Records from a collection
*** Begin section ***
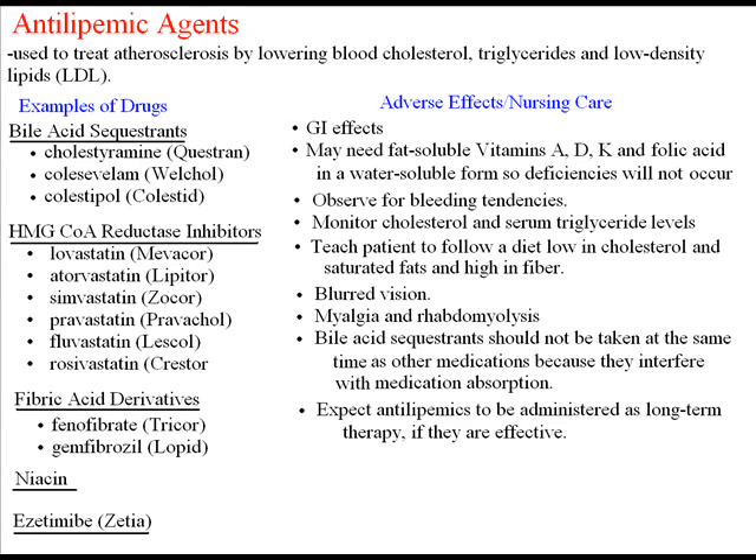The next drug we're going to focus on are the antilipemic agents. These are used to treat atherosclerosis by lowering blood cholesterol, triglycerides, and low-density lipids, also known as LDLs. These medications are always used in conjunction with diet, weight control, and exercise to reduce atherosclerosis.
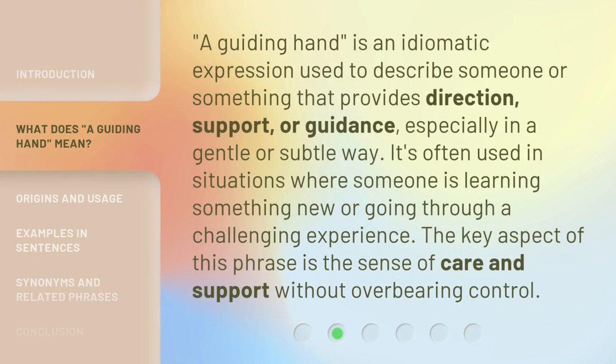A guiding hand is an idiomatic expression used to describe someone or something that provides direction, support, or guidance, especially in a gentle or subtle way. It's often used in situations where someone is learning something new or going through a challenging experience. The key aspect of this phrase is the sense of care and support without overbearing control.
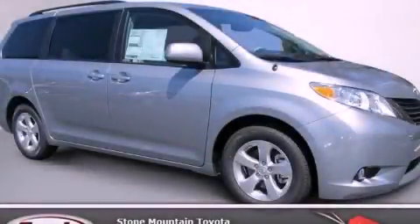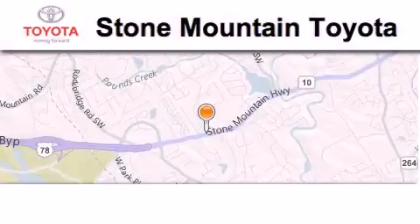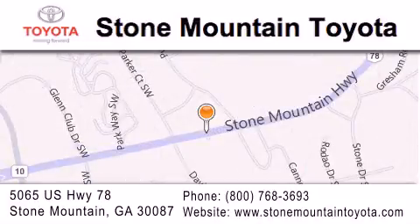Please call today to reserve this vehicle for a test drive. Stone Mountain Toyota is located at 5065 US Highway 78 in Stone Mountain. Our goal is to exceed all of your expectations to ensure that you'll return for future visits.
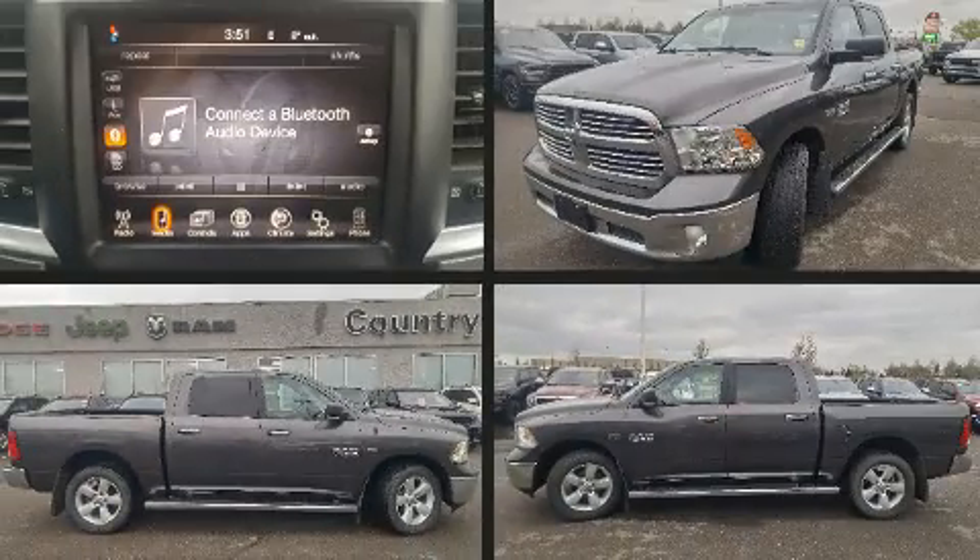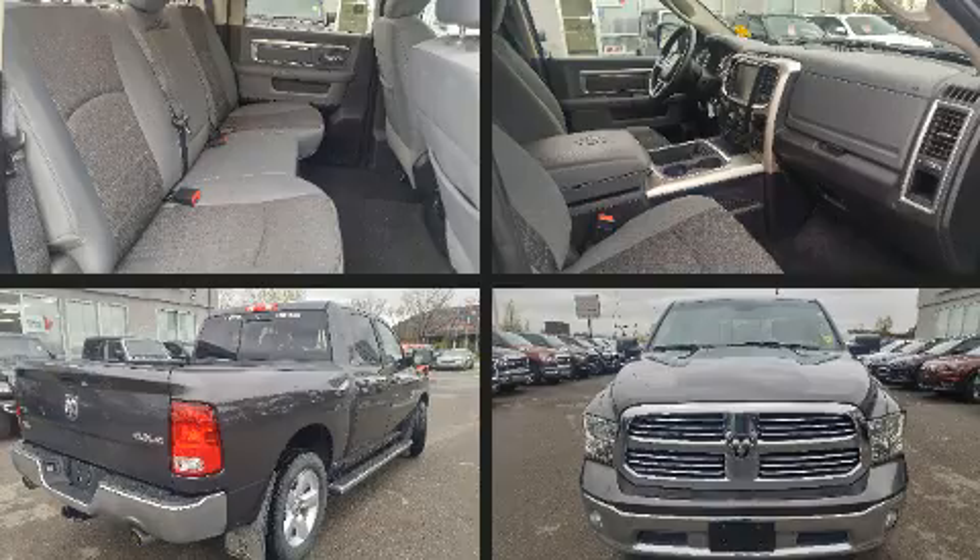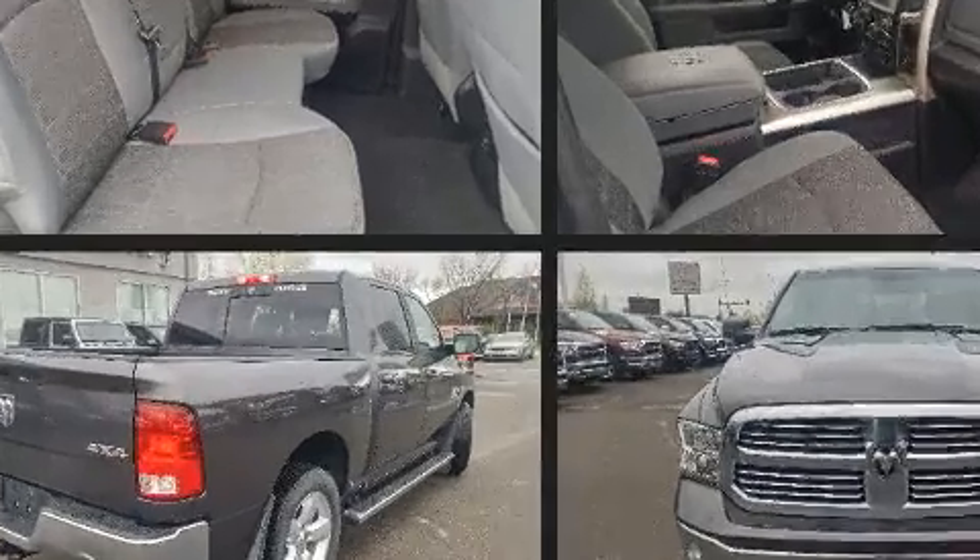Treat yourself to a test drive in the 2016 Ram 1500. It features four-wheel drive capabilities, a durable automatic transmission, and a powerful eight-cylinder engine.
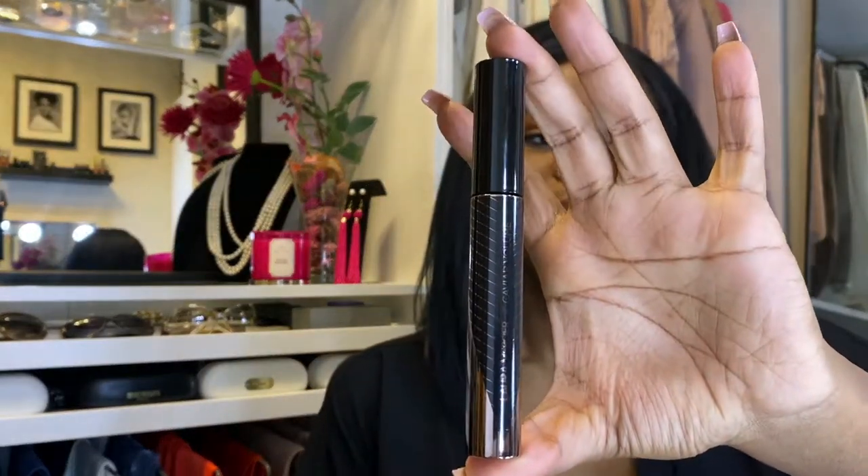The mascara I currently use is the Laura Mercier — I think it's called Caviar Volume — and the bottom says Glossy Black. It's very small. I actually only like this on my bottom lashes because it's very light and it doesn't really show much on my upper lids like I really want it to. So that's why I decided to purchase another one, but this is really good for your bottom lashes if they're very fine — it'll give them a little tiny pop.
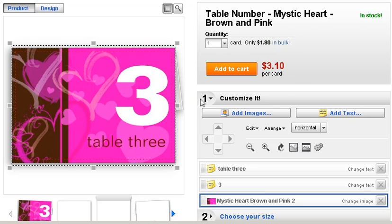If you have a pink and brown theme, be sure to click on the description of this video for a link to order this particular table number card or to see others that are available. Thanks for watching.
*** End section ***
Each line from the first line of the entries through the line containing "Please call today" should be duplicated word for word, and nothing more; the pictures stay out.

Solution to the problem:
The next drug we're going to focus on are the antilipemic agents. These are used to treat atherosclerosis by lowering blood cholesterol, triglycerides, and low-density lipids, also known as LDLs. These medications are always used in conjunction with diet, weight control, and exercise to reduce atherosclerosis.
A guiding hand is an idiomatic expression used to describe someone or something that provides direction, support, or guidance, especially in a gentle or subtle way. It's often used in situations where someone is learning something new or going through a challenging experience. The key aspect of this phrase is the sense of care and support without overbearing control.
Please call today to reserve this vehicle for a test drive. Stone Mountain Toyota is located at 5065 US Highway 78 in Stone Mountain. Our goal is to exceed all of your expectations to ensure that you'll return for future visits.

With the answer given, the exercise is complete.